As you evolve as a Business Analyst, your palette of shades of grey increases too. When you start out as a Business Analyst you tend to look at the world as either black or white. You are trying to find the perfect business analysis methodology or process to follow to apply the different Business analysis tools and methods.

As a junior business analyst you will most likely be guided by business analysis books and frameworks when you choose which technique to apply in any given practical situation. You will also be seeking for the specific notation, and the semantics to use is important to you. Knowing what the correct level of detail or perspective to apply is still a conscious challenge when you apply the chosen Business Analysis tools. This is good and this is exactly how it should be. Every Business Analyst starts with the same challenge of seeing the world of Business Analysis in a black and white way initially and aims to apply business analysis tools accordingly.

“Consider the metaphor of an orchestra conductor. When an orchestra conductor stands in front of an orchestra for the very first time at the start of their careers, they follow a very strictly prescribed method of conducting that orchestra. The orchestra responds as they should according to the notes on their music sheets. As the conductor becomes more experienced and learn to become passionate about the music they are conducting the orchestra for, they become more fluent in the way they apply their technique of conducting. By the end of their careers they can conduct with such creative passion that the music flows beyond what is merely written on the music sheets because the response they are receiving from the orchestra members as a result is much more than just the notes on the sheets.”

This article is there to tell you as a junior business analyst that as you gain more Business Analysis experience working on projects and within organisations; you will learn how to apply the Business Analysis tools in an almost artistic and creative way.

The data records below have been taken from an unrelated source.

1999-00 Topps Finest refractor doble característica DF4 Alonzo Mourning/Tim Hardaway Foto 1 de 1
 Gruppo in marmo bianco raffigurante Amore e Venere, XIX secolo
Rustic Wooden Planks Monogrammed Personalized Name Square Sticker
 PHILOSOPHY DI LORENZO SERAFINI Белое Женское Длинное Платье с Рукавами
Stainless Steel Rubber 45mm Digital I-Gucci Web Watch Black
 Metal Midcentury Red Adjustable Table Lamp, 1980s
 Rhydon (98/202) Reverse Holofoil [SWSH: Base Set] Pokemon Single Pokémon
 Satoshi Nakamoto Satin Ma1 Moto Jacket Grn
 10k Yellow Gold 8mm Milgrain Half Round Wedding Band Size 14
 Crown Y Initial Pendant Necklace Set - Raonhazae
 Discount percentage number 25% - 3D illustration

As you gain more experience you will start to see more shades of grey when choosing a business analysis tool to use and you will be able to judge the level of detail required much quicker and accurately. You learn to assess a particular project’s needs for Business Analysis activities in a more flexible and effective way. This is why being a Business Analyst remains a challenging career right from the start and if you are a great Business Analyst, it remains challenging right to the end of your Business Analysis career.

Two secrets that will help you see more shades of grey in your Business Analysis career

SECRET # 1: There is more than one right answer in Business Analysis.

As a Business Analyst, especially when you are starting out, you are seeking to find the ‘right way’ to do your Business Analysis tasks and activities. You will find with more experience that you will probably never quite get the one definitive answer when it comes to how to apply Business Analysis methods, tools and techniques. Every organisation, project and individual Business Analyst has their way to apply the myriad of activities encapsulated as part of Business Analysis. The profession of Business Analysis is very clearly defined in an international standard guide called the Business Analysis Body of Knowledge (BABOK ® Guide). The key point about the BABOK ® Guide though is that it describes the profession of Business Analysis in terms of “what it is” and not in terms of “how to apply” it. There is however in most Business Analysis Techniques a “right way” to apply it but again it allows for you to choose the best time, situation and problem to apply it to. This is why an understanding that there are many different ways to apply Business Analysis tools and methods, depending on the situation, environment and problem, is a valuable insight to have. As you get more experienced as a Business Analyst you will find that this almost becomes a “hunch” you develop when faced with a particular task or business problem.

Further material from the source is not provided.